Output every line below exactly, please, omitting pictures.

» **AVAILABLE DATA**
● ● ● ● ●

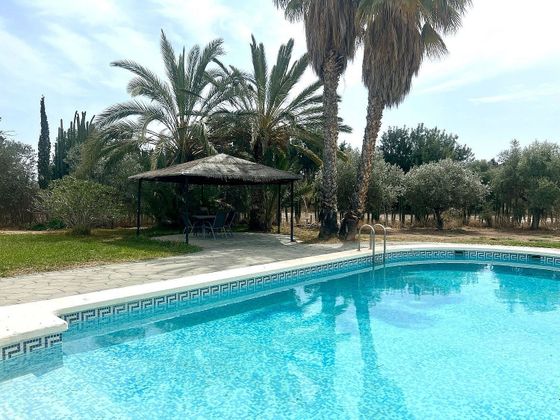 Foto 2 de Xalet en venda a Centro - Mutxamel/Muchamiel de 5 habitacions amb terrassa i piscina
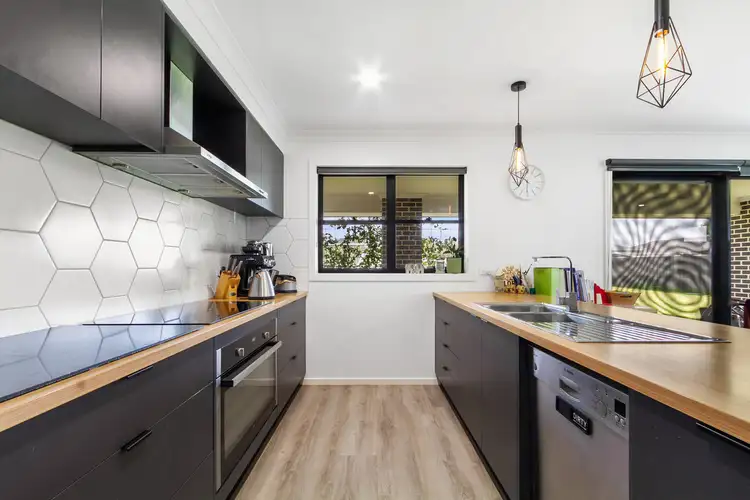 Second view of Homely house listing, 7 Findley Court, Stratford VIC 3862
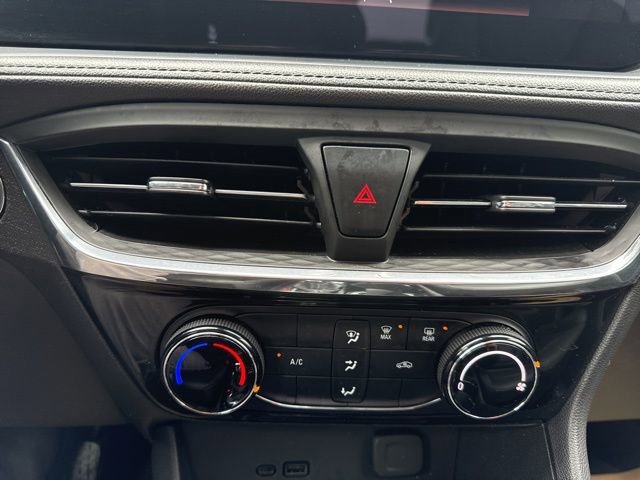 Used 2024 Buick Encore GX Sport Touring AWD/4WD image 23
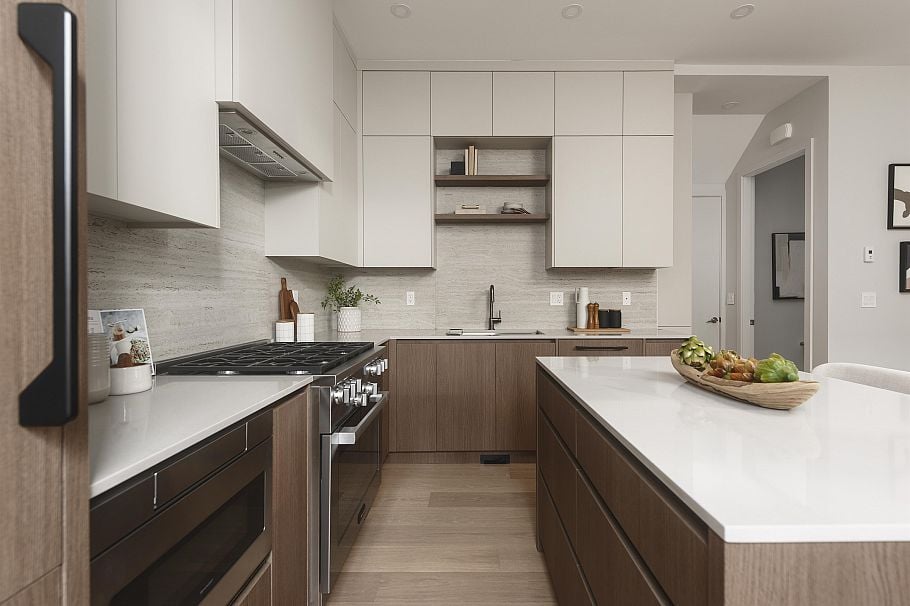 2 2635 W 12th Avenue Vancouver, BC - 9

● ● ● ● ●

» **RESULT OF THIS TASK**
 Foto 2 de Xalet en venda a Centro - Mutxamel/Muchamiel de 5 habitacions amb terrassa i piscina
 Second view of Homely house listing, 7 Findley Court, Stratford VIC 3862
 Used 2024 Buick Encore GX Sport Touring AWD/4WD image 23
 2 2635 W 12th Avenue Vancouver, BC - 9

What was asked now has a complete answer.